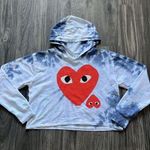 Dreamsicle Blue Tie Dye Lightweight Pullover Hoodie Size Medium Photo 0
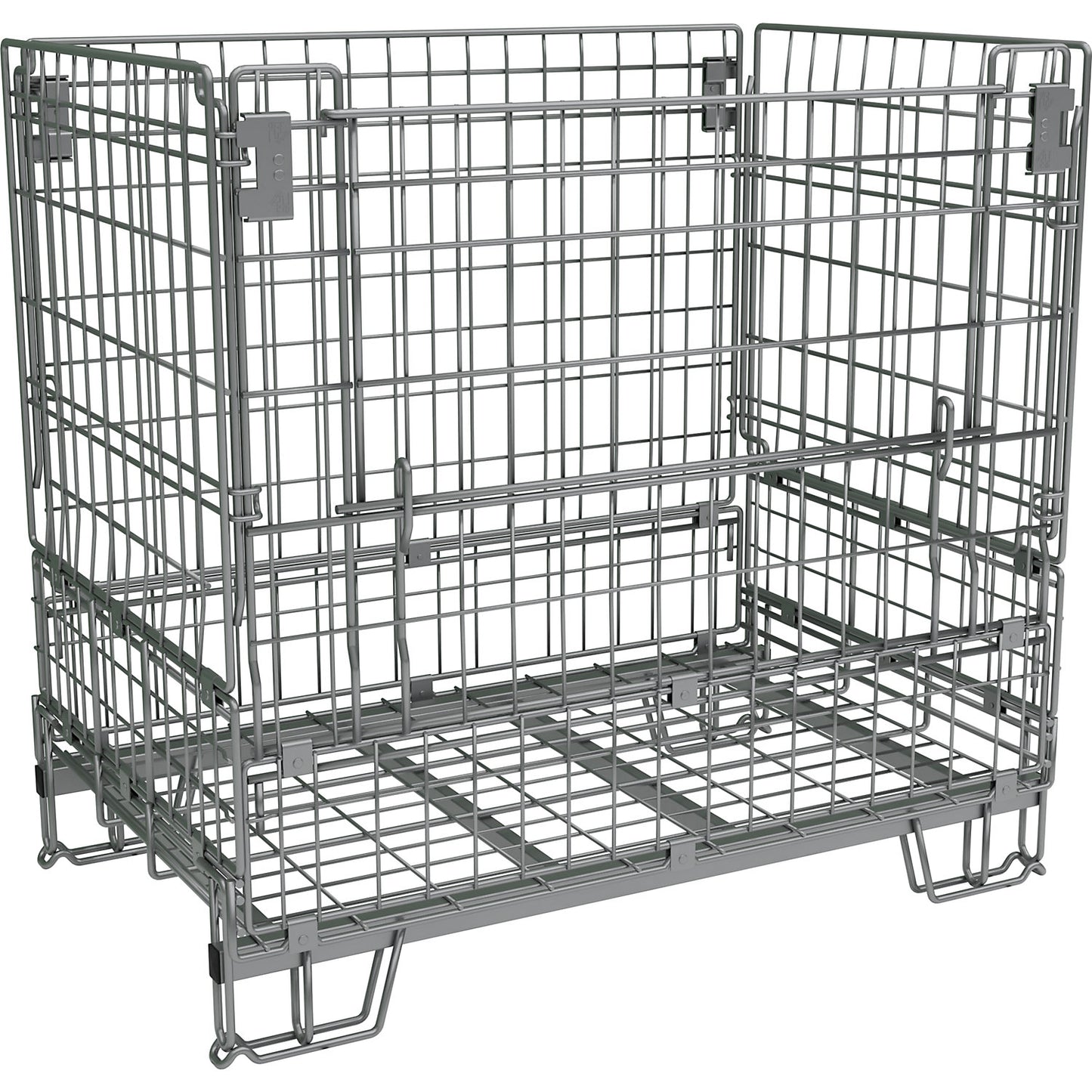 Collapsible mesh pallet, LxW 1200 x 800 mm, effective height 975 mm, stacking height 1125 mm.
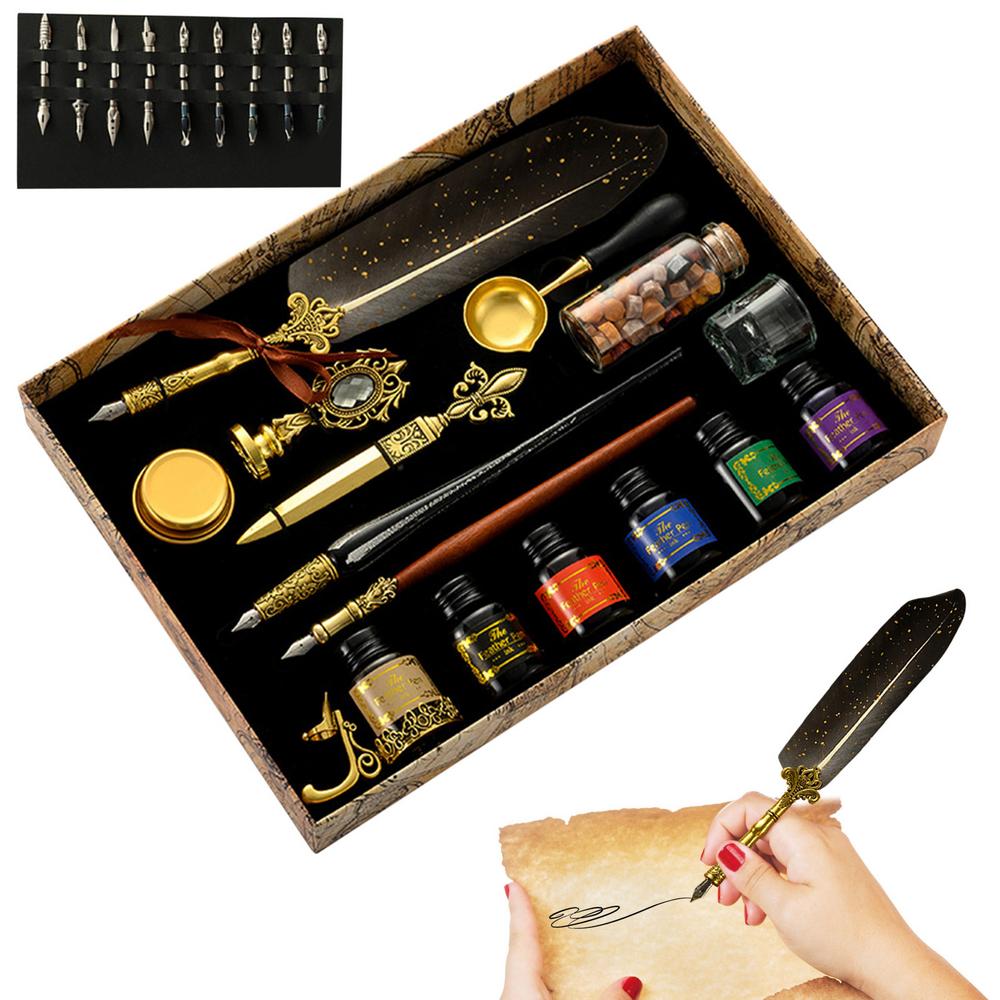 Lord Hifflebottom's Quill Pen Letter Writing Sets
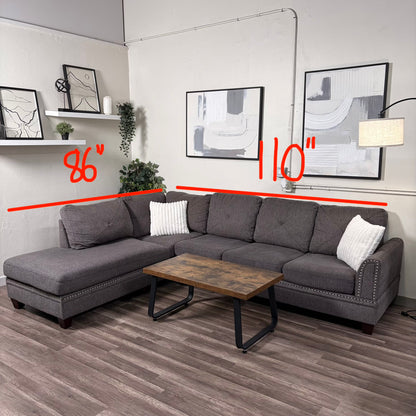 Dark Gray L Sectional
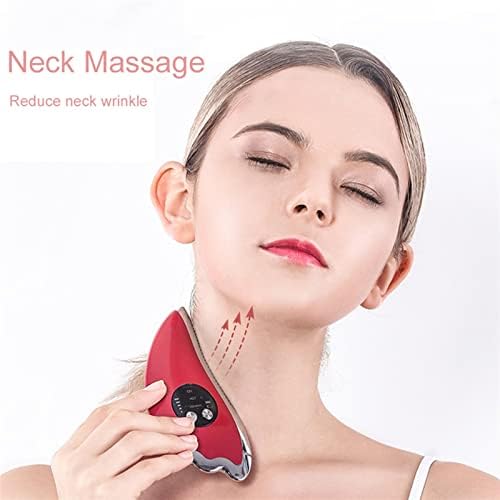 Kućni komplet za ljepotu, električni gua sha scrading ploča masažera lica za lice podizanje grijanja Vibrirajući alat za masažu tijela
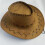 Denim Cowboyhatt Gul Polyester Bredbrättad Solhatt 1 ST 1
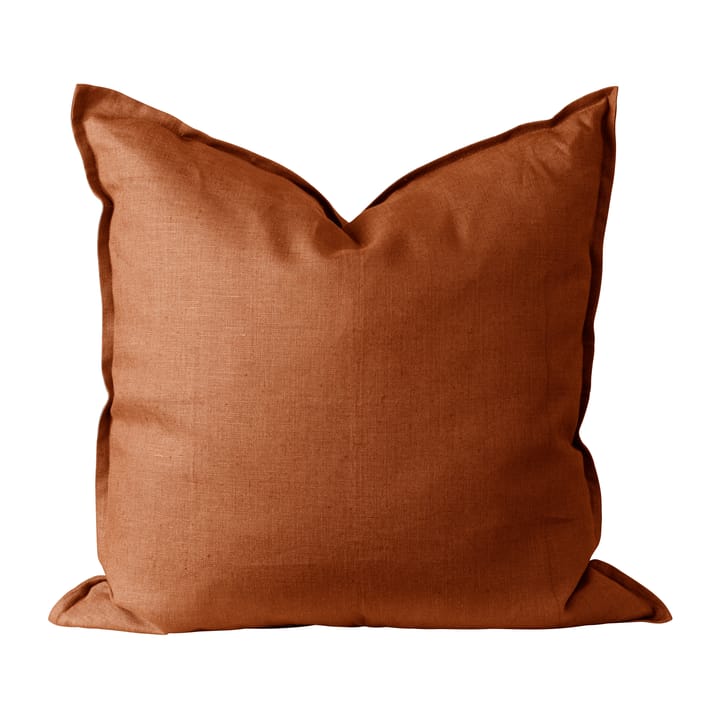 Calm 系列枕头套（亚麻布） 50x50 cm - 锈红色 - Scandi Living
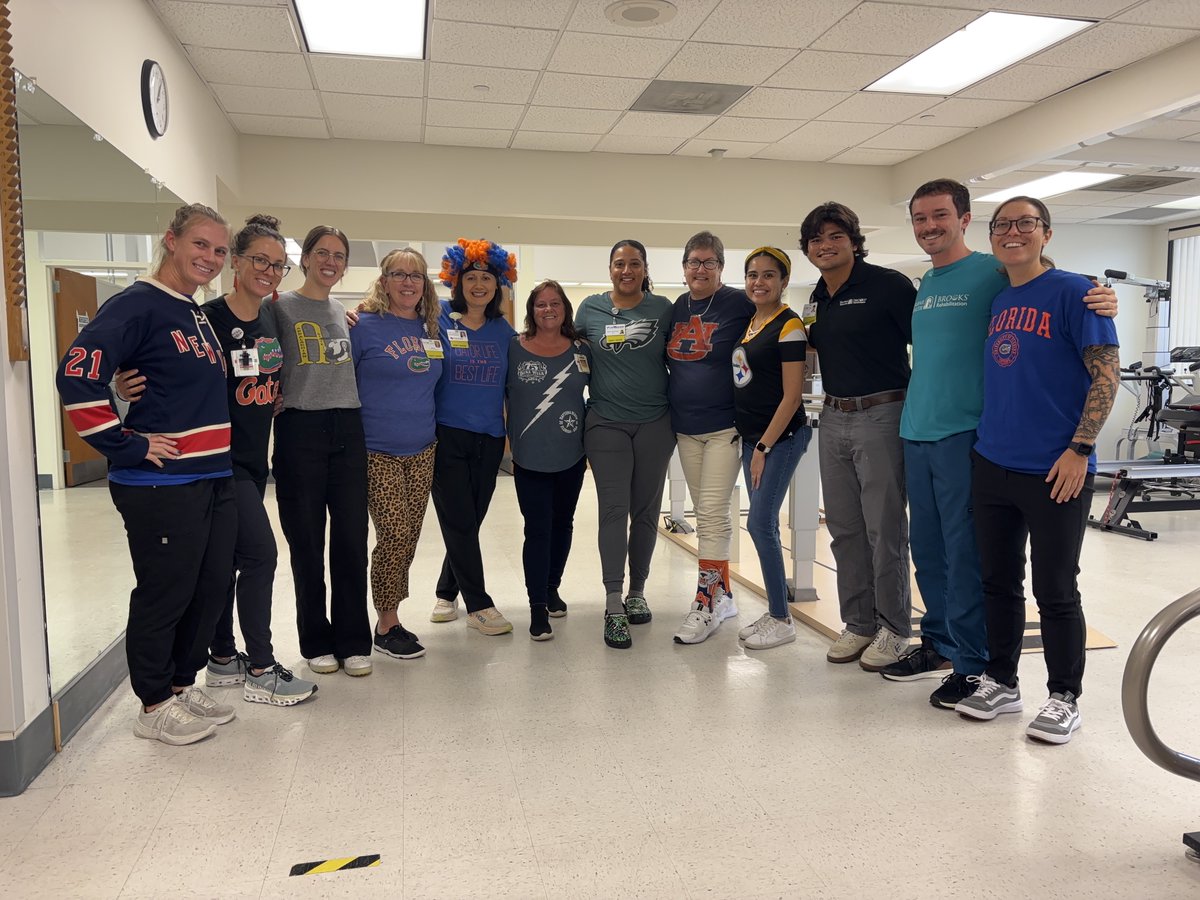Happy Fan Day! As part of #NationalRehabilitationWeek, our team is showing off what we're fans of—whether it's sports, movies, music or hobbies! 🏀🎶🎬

▶ **PROBLEM TO SOLVE**
From the line that holds "Denim Cowboyhatt Gul" down to the last line of the material above, every line is to be copied exactly, both ends included; pictures are to be omitted.

▶ **ANSWER**
 Denim Cowboyhatt Gul Polyester Bredbrättad Solhatt 1 ST 1
 Calm 系列枕头套（亚麻布） 50x50 cm - 锈红色 - Scandi Living
Happy Fan Day! As part of #NationalRehabilitationWeek, our team is showing off what we're fans of—whether it's sports, movies, music or hobbies! 🏀🎶🎬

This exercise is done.